# ASA scoring ring sizes?



## WDMJR3DBOWGUY (Dec 2, 2003)

5inch 10 ring, 1.5inch 12


----------



## commander1 (May 10, 2008)

Is that the size of rings no matter if the animal is a bobcat or a deer? Or say a javelina and a ram? Sorry, I am from AZ and have only shot shoots that are held in AZ. Our local clubs that hold shoots have nice targets and are usually only rineharts. Almost none of the rings are the same size and none of the clubs are consistant with what they do with animal placement. Even on our biggest shoots of the year some times the clubs see how hard they can screw the archers. (only half of the animal is visable due to obstruction or severe quartered away/to.) They really have no rules when it comes to setting a course. I would love to see an asa course set up so we could lay some basic ground rules. I would love to be able to compare some of our courses to the rest of the country.


----------



## WDMJR3DBOWGUY (Dec 2, 2003)

It doesn't matter what animal it is, far as the animals Asa uses. Asa doesn't obstruct the scoring rings, but will the body.


----------



## SonnyThomas (Sep 10, 2006)

commander1 said:


> Is that the size of rings no matter if the animal is a bobcat or a deer? Or say a javelina and a ram? Sorry, I am from AZ and have only shot shoots that are held in AZ. Our local clubs that hold shoots have nice targets and are usually only rineharts. Almost none of the rings are the same size and none of the clubs are consistant with what they do with animal placement. Even on our biggest shoots of the year some times the clubs see how hard they can screw the archers. (only half of the animal is visable due to obstruction or severe quartered away/to.) They really have no rules when it comes to setting a course. I would love to see an asa course set up so we could lay some basic ground rules. I would love to be able to compare some of our courses to the rest of the country.
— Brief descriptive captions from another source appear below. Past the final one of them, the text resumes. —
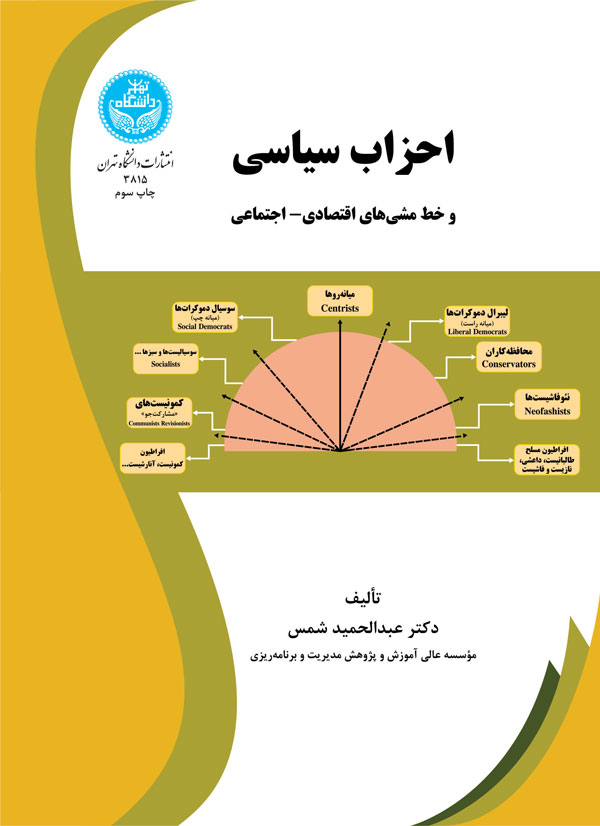 پایانه - احزاب سیاسی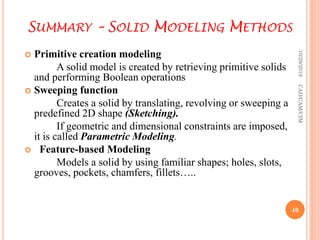 Solid modelling Slide share academic writing assignment 2 | PDF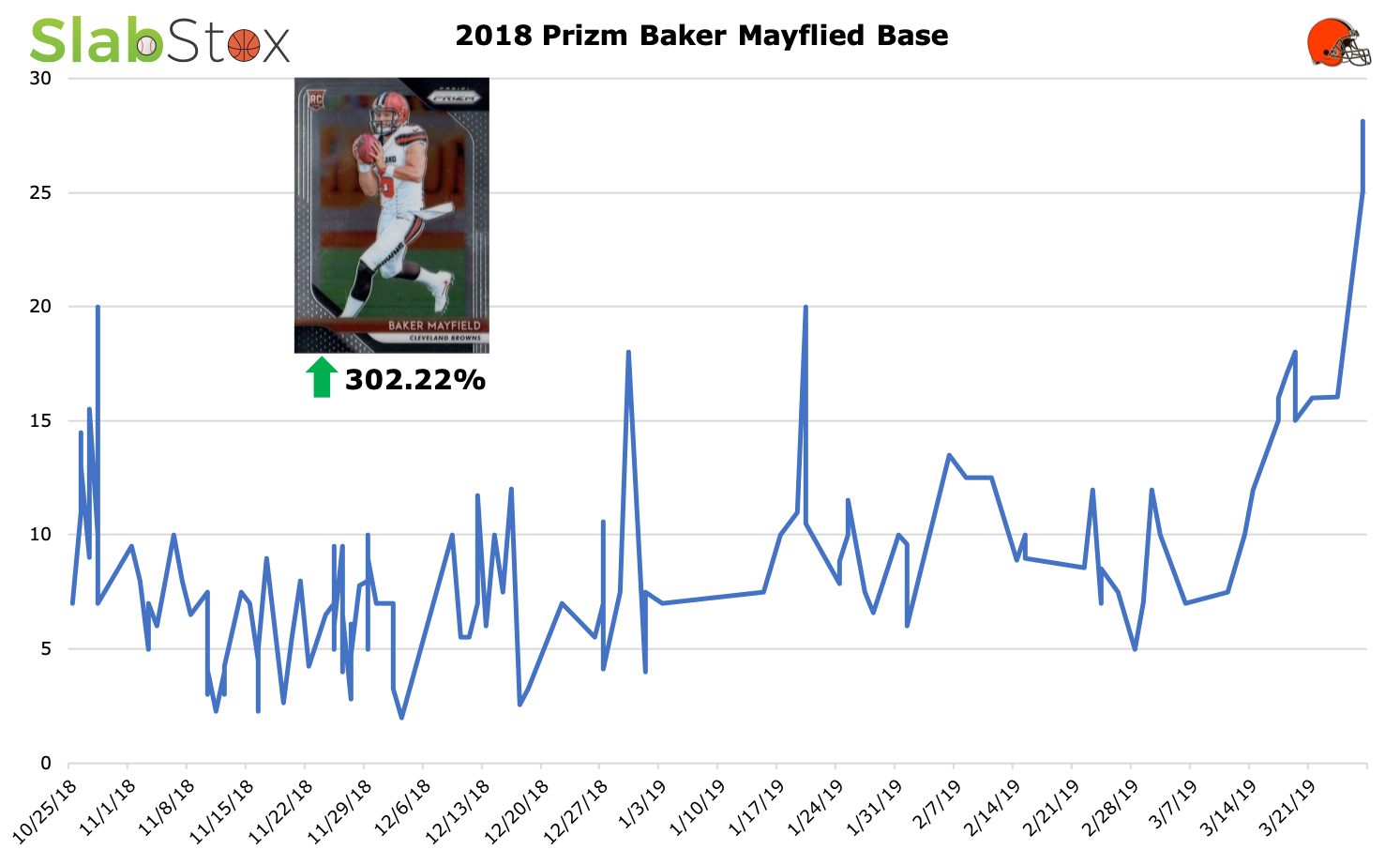Graph of 2018 Prixm Baker Mayfield Base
The coming new point zones will effect more on the national circuit to start with. You got a good target you don't pitch it because of point zone sizes.
National circuit courses are set up a little different than local clubs have. Here, you may have a rectangle 20 target course (10 per side) and have all groups shooting as one - all shoot, all score, and all move to the next target.
ASA uses max distances set per class and 6 class stakes and have all unknown, all known and half known and half unknown distances. You can down load rules for state.
Quartering away targets are allowed and as WDMRJR3DBOWGUY noted, the point zones are unobstructed.


----------



## commander1 (May 10, 2008)

Sounds about like us. All shoot, score and move on. We don't have a known distance anything. I would like to go to Paris and experience a really big shoot. We have a lot of cactus and wide open long shots.


----------



## bhtr3d (Feb 13, 2004)

The known distance thing.....depends on the class......oh and a word of warning....for paris....bring boots.....you might be standing and walking through a foot deep of soupy mud....but with a date change...it might not be that big of a worry...lol


----------